When the day came, he went before the Ascertainers, a kind of court with several humans sitting on high chairs to hear what was said. These, he was told, were members of the Court of Appeals of the Towers. Judges, he thought. His Superior, the lady Kesseret, was there. She appeared little worse for her experience, though Ilze knew he looked like shit. Bruised, uncombed. They had not let him put his hair in braids, and it hung about his face like tangled rope. The Talkers were there, both the ones who questioned him and others he had not seen before. Old ones. With silvered feathers.
It was one of these who asked for the Accusation.
“Ilze, senior of the Tower of Baristown, is accused of heresy; of conspiracy to aid and comfort the Rivermen; of sheltering a Riverman spy in the Tower. He is accused of erroneous beliefs. He was led astray by lust. It may be he is essentially orthodox.” The humans on the bench accused him. He did not believe it.
He was given no chance to answer these charges. The silver-feathered ones merely nodded as they turned to the human people on the high chairs, and one of these said clearly, not looking at either Ilze or the lady Kesseret as he spoke, “We will allow the Uplifted Ones to be present as Ilze is examined by the Ascertainers.”
The Talkers left. Ilze stood in the room alone with Lady Kesseret, he in the cage they had put him in, she behind the railing that separated him from the others.
“Poor Ilze,” she said. “If you can withstand it, they will let you atone.” There was a strangeness in her voice that he could not identify. Only her words were sympathetic.
She went away then, saying nothing more. In the days of pain that followed, he remembered her words.
They threatened him repeatedly with the Tears of Viranel. He defied them. “Give them to me. I don’t care anymore. I might as well be dead.” They did things to him, things he had in the past done to others to shame and humiliate them. Ilze, however, felt no shame, only a slow, burning fury. He knew too well their purposes, but he learned his resolution and understanding could be weakened by pain. When they hurt his body, it insisted upon healing itself so they could hurt it again. When he tried to starve himself out of fury at them and to deprive them of their obvious pleasure in his pain, they fed him by force. They would not let him kill himself. And through it all the veiled watcher stood, listening, peering, silent except for the sound of millstones.
And yet, even throughout it all, he knew they were not hurting him as much as they could. It was as though they did not really want to break him. As though they were playing with him. Waiting.
Finally he demanded they give him the Tears of Viranel in order to prove he was telling the truth.
The Talker was amused.
“Accused, if these Ascertainers gave you the Tears, all you would tell them would be the truth. Then we would eat you. A temporary pleasure which would not advance our cause.”
“Oh, by the lost love of Potipur, isn’t the truth what you want! Isn’t that what you’ve been putting me through this pain for, to get the truth!”
“Oh, no, accused.

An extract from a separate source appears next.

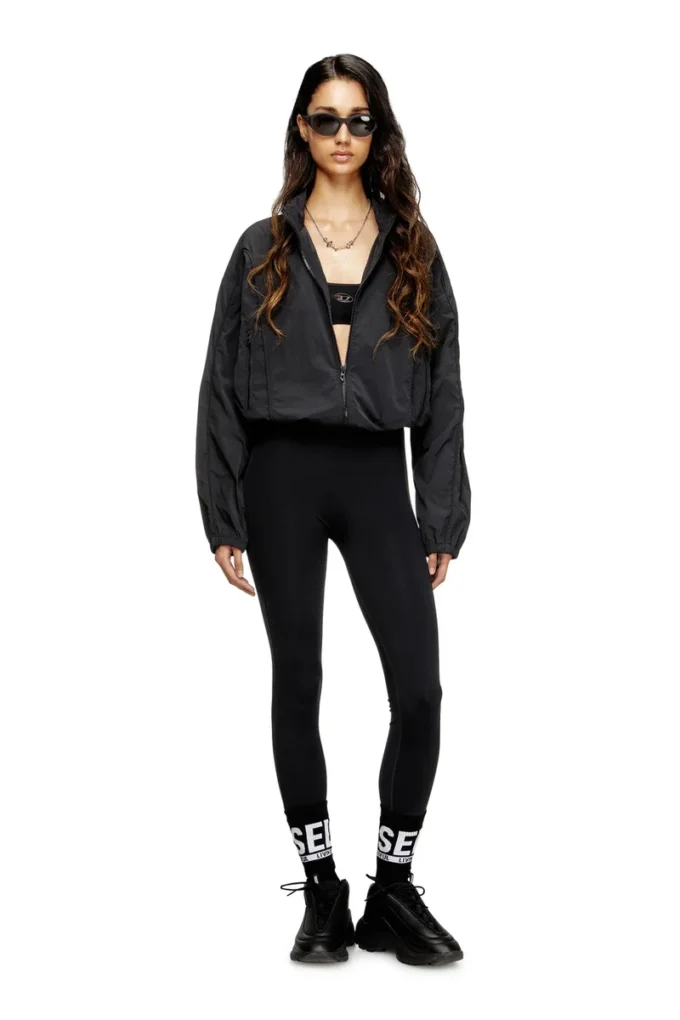 meredith-utlt Nylon leggings with cut-out back Oval D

If we wanted only the truth, we would have given you the Tears long since.”
The winter wore on. He was moved to a cell below. Gradually, through the pain and his own anger, he realized what they wanted. Something to confirm their suspicion. Something to save them embarrassment before the Chancery officials. Something to justify their opinions. Not merely whatever it was Ilze did or did not know, but something more. Not the truth that he had, but some future verity, something they could build upon to make themselves secure. It came to him slowly, through the agony of their knives and pinchers. It came to him slowly, and clever as he was in the ways of submission, he did not realize they had led him there.